===== Exercise input =====
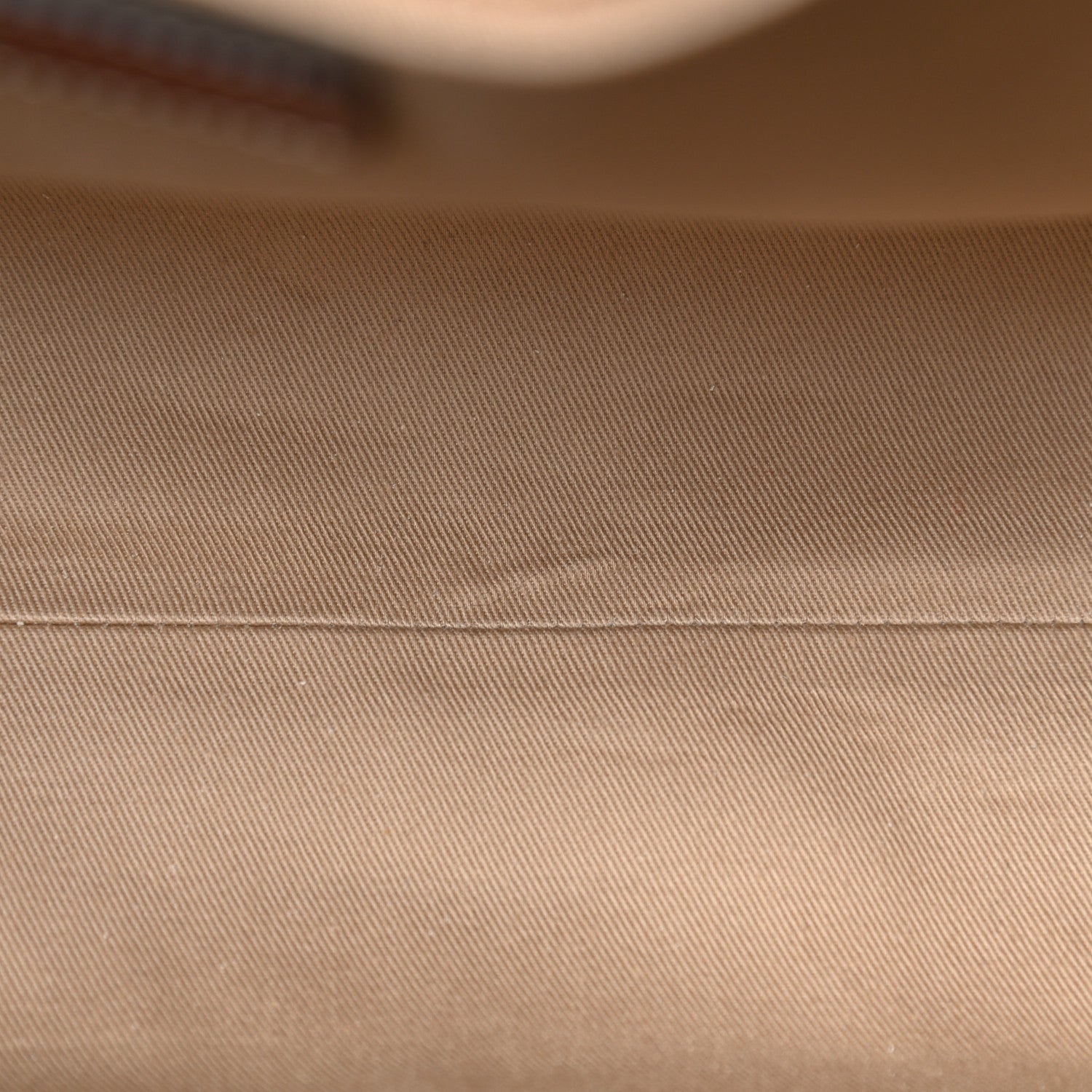 Chloe Cotton Calfskin Medium Woody Ribbon Tote White Brown 12 of 14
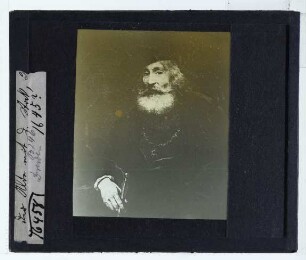 Rembrandt, Alter Mann mit Stock und Barett (Dresden GAM 1571)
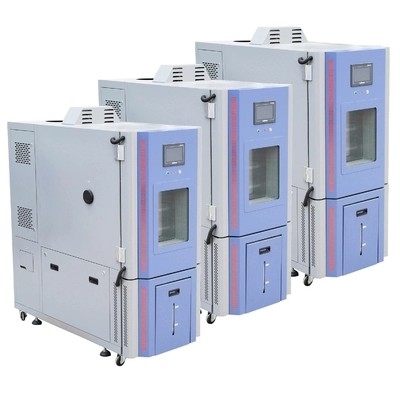 controle alto do PLC da baixa temperatura da câmara do teste 50Hz ambiental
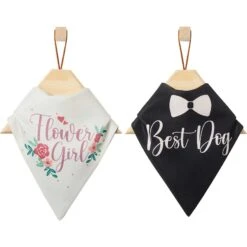 Frisco Wedding Reversible Dog & Cat Bandana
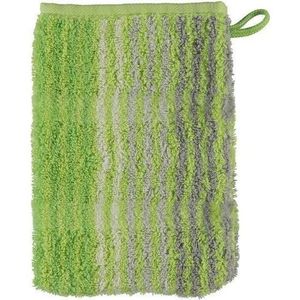 Cawö Cawö Cashmere Streifen Washandje Kiwi 16x22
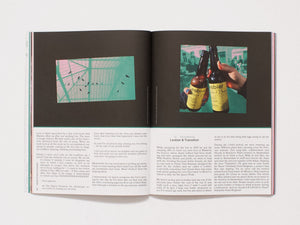 Interior spread from 'Lesbier & Transition'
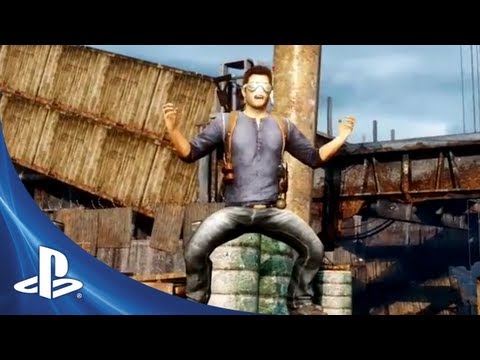 UNCHARTED 3: Drake's Deception™ - New Multiplayer Items and Taunts Video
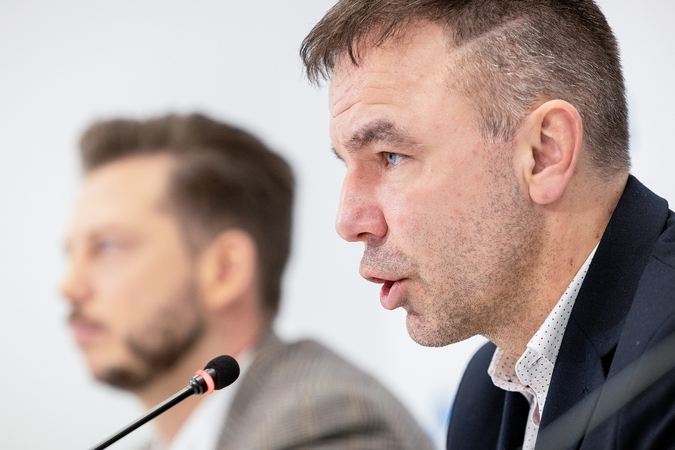 V. Jasutis savo kaltės dėl neteisėto įdarbinimo nemato: esame kažkuo kaltinami, bet nežinome, kuo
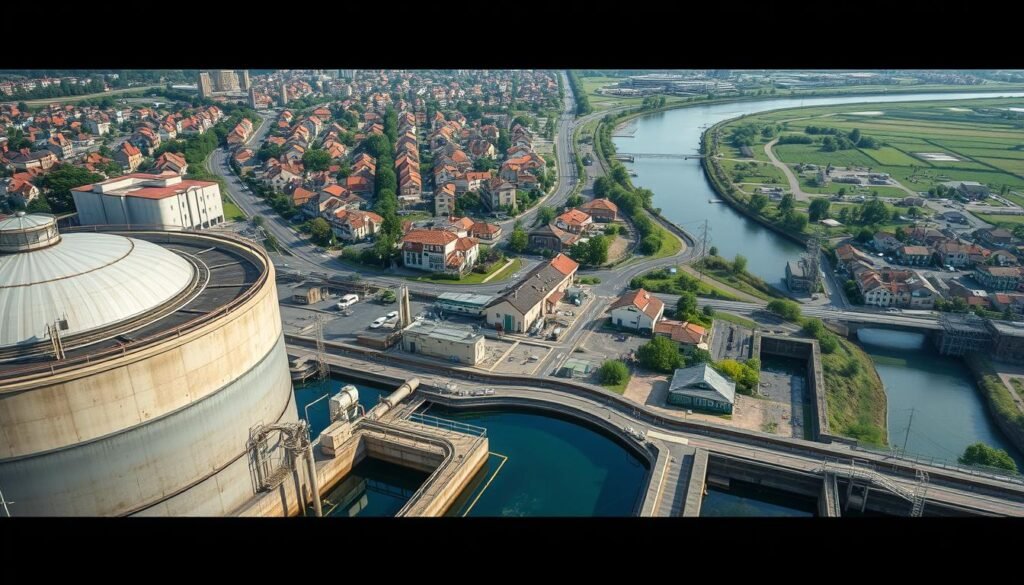 Abwassersystem und Kläranlagen Umweltbelastung Abwassersystem und Kläranlagen Umweltbelastung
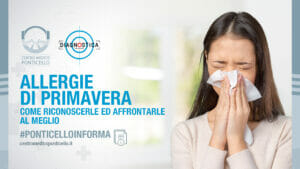 immagine di copertina dell'articolo sulle allergie primaverili o di primavera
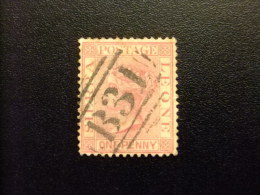 SIERRA LEONE 1883 Yvert Nº 20 º FU - VICTORIA - SG Nº 28 º FU - Sierra Leone (...-1960)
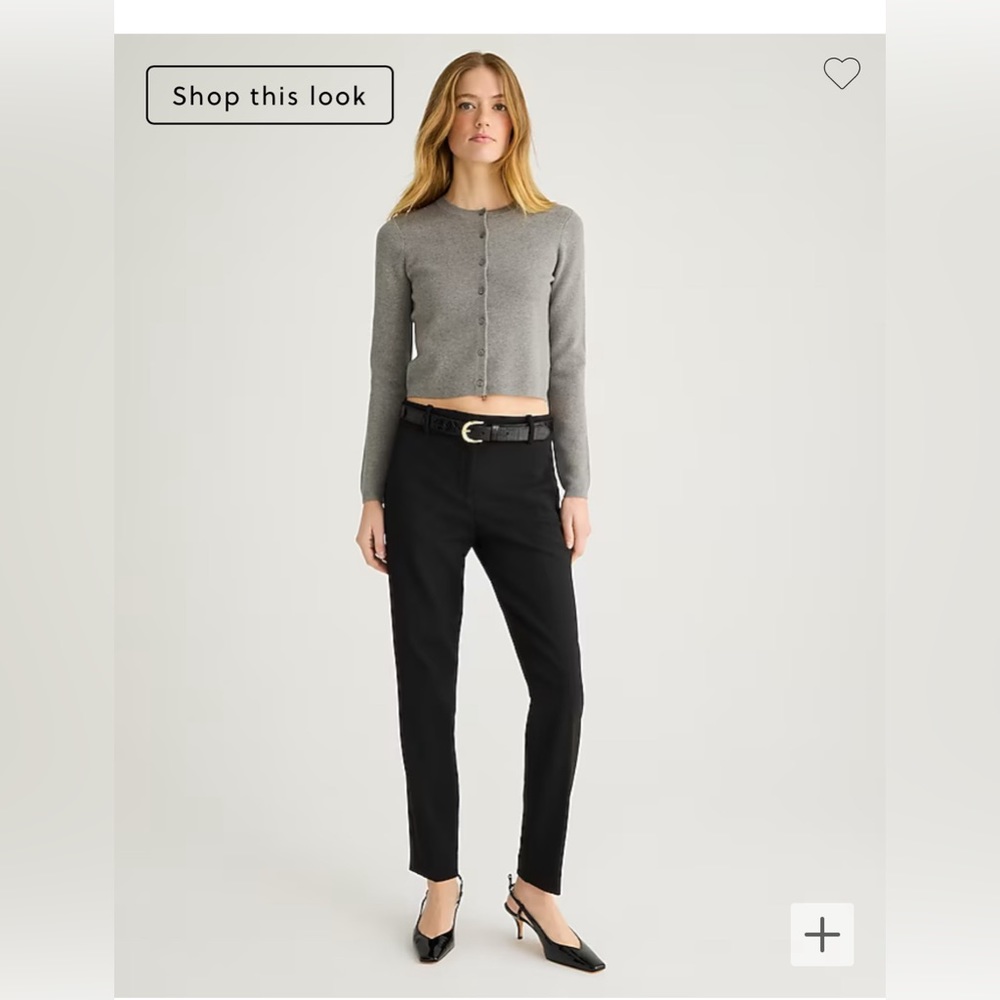 Black J Crew Dress Pants - Cameron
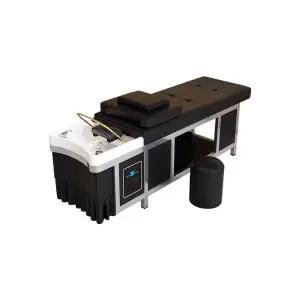 두피 스파 침대 훈증 고급 샴푸 미용실 마사지 베드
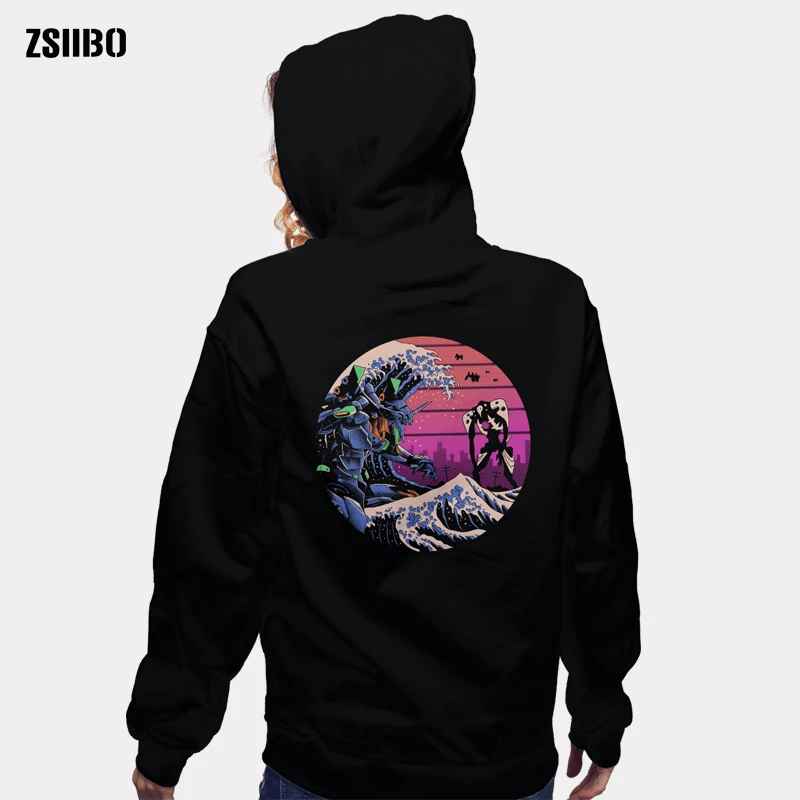 ZSIIBO осенний Новый Модный классический мужской пуловер с капюшоном в стиле хип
=====
◆ Directions ◆
Reproduce, exactly and only, the lines of the records above starting at the line with "controle alto do" and ending at the line with "Abwassersystem und Kläranlagen Umweltbelastung Abwassersystem", both included. Leave every picture out.

◆ Expected answer ◆
 controle alto do PLC da baixa temperatura da câmara do teste 50Hz ambiental
 Frisco Wedding Reversible Dog & Cat Bandana
 Cawö Cawö Cashmere Streifen Washandje Kiwi 16x22
 Interior spread from 'Lesbier & Transition'
 UNCHARTED 3: Drake's Deception™ - New Multiplayer Items and Taunts Video
 V. Jasutis savo kaltės dėl neteisėto įdarbinimo nemato: esame kažkuo kaltinami, bet nežinome, kuo
 Abwassersystem und Kläranlagen Umweltbelastung Abwassersystem und Kläranlagen Umweltbelastung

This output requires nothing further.